AgentSkillsCN

data-analysis

从探索到回归,再到可发表的表格与图表,完成端到端的 R 数据分析工作流。

SKILL.md
--- frontmatter
name: data-analysis
description: End-to-end R data analysis workflow from exploration through regression to publication-ready tables and figures
workflow_stage: analysis
compatibility:
  - codex
  - claude-code
version: 1.0.0
tags:
  - R
  - data-analysis
  - regression
  - figures
  - tables

Data Analysis Workflow

Run an end-to-end data analysis in R: load, explore, analyze, and produce publication-ready output.

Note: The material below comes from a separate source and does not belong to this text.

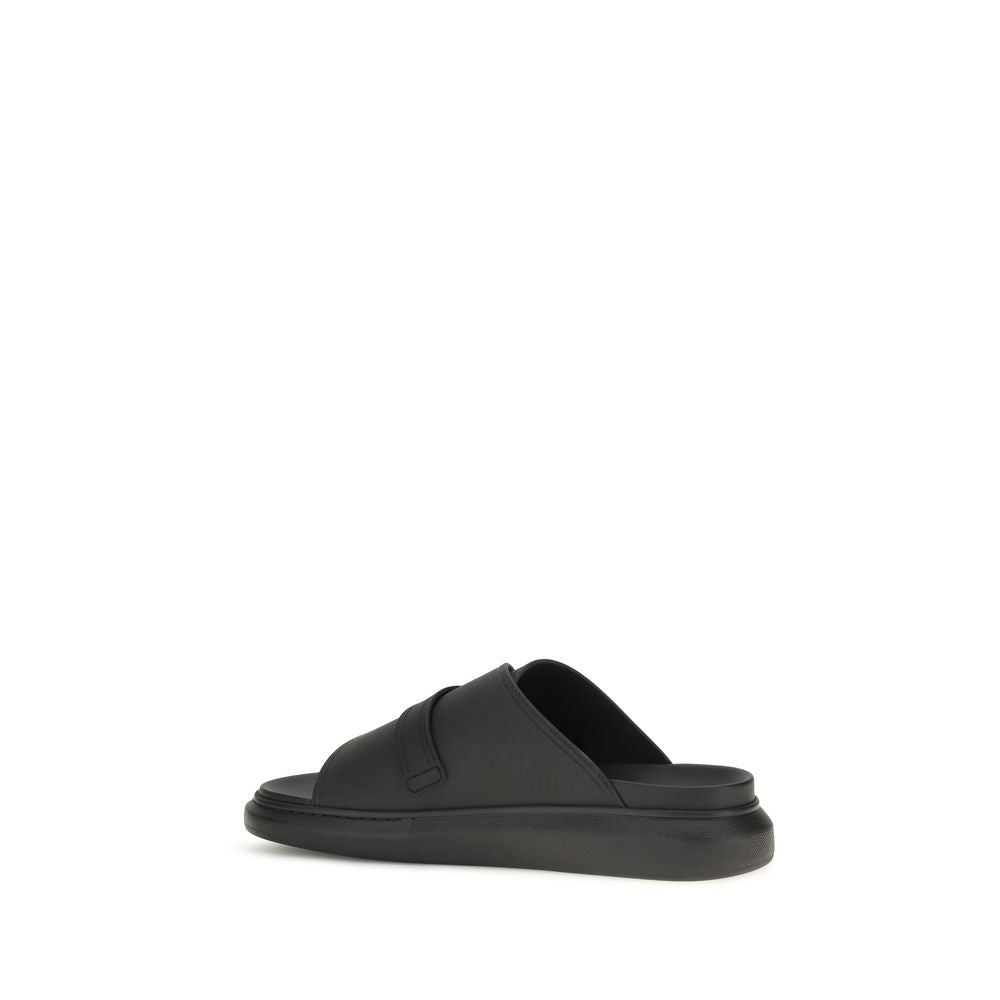 Platform Slider Sandals by Alexander McQueen for men in bos taurus calf leather and black presents a captivating silhouette, showcasing the signature style of the Men's Bos Taurus Calf Leather Platform Slider Sandals with a captivating platform and captivating .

Input: A dataset path (e.g., data/county_panel.csv) or a description of the analysis goal.


Constraints

  • Follow R code conventions in code/AGENTS.md (Codex) or .claude/rules/r-code-conventions.md (Claude)
  • Save all scripts to the appropriate code/[task_group]/ directory
  • Save all outputs to output/ (figures, tables, numbers subdirs)
  • Use saveRDS() for every computed object
  • Use project theme for all figures
  • Run /review-r on the generated script before presenting results

Workflow Phases

Phase 1: Setup and Data Loading

  1. Read code conventions for project standards
  2. Create R script with proper header (title, author, purpose, inputs, outputs)
  3. Load required packages at top (library(), never require())
  4. Set seed once at top in YYYYMMDD format: set.seed(20260211)
  5. Load and inspect the dataset

Phase 2: Exploratory Data Analysis

Generate diagnostic outputs:

  • Summary statistics: summary(), missingness rates, variable types
  • Distributions: Histograms for key continuous variables
  • Relationships: Scatter plots, correlation matrices
  • Time patterns: If panel data, plot trends over time
  • Group comparisons: If treatment/control, compare pre-treatment means

Save all diagnostic figures to output/figures/.

Phase 3: Main Analysis

Based on the research question:

  • Regression analysis: Use fixest for panel data, lm/glm for cross-section
  • Standard errors: Cluster at the appropriate level (document why)
  • Multiple specifications: Start simple, progressively add controls
  • Effect sizes: Report standardized effects alongside raw coefficients

Phase 4: Publication-Ready Output

Tables:

  • Use modelsummary for regression tables (preferred) or stargazer
  • Include all standard elements: coefficients, SEs, significance stars, N, R-squared
  • Export as .tex for LaTeX inclusion and .html for quick viewing

Figures:

  • Use ggplot2 with project theme
  • Set bg = "transparent" for LaTeX compatibility
  • Include proper axis labels (sentence case, units)
  • Export with explicit dimensions: ggsave(width = X, height = Y)
  • Save as both .pdf and .png

Phase 5: Save and Review

  1. saveRDS() for all key objects
  2. Rely on the Makefile for directory creation (do not call dir.create() in scripts)
  3. Run /review-r on the generated script
  4. Address any Critical or High issues from the review

Script Structure

r
# ============================================================
# [Descriptive Title]
# Author: [from project context]
# Purpose: [What this script does]
# Inputs: [Data files]
# Outputs: [Figures, tables, RDS files]
# ============================================================

# 0. Setup ----
library(tidyverse)
library(fixest)
library(modelsummary)

set.seed(20260211)  # YYYYMMDD format

# Note: output directories are created by the Makefile, not the script

# 1. Data Loading ----
# 2. Exploratory Analysis ----
# 3. Main Analysis ----
# 4. Tables and Figures ----
# 5. Export ----

Important

  • Reproduce, don't guess. If the user specifies a regression, run exactly that.
  • Show your work. Print summary statistics before jumping to regression.
  • Check for issues. Look for multicollinearity, outliers, perfect prediction.
  • Use relative paths. All paths relative to repository root.
  • No hardcoded values. Use variables for sample restrictions, date ranges, etc.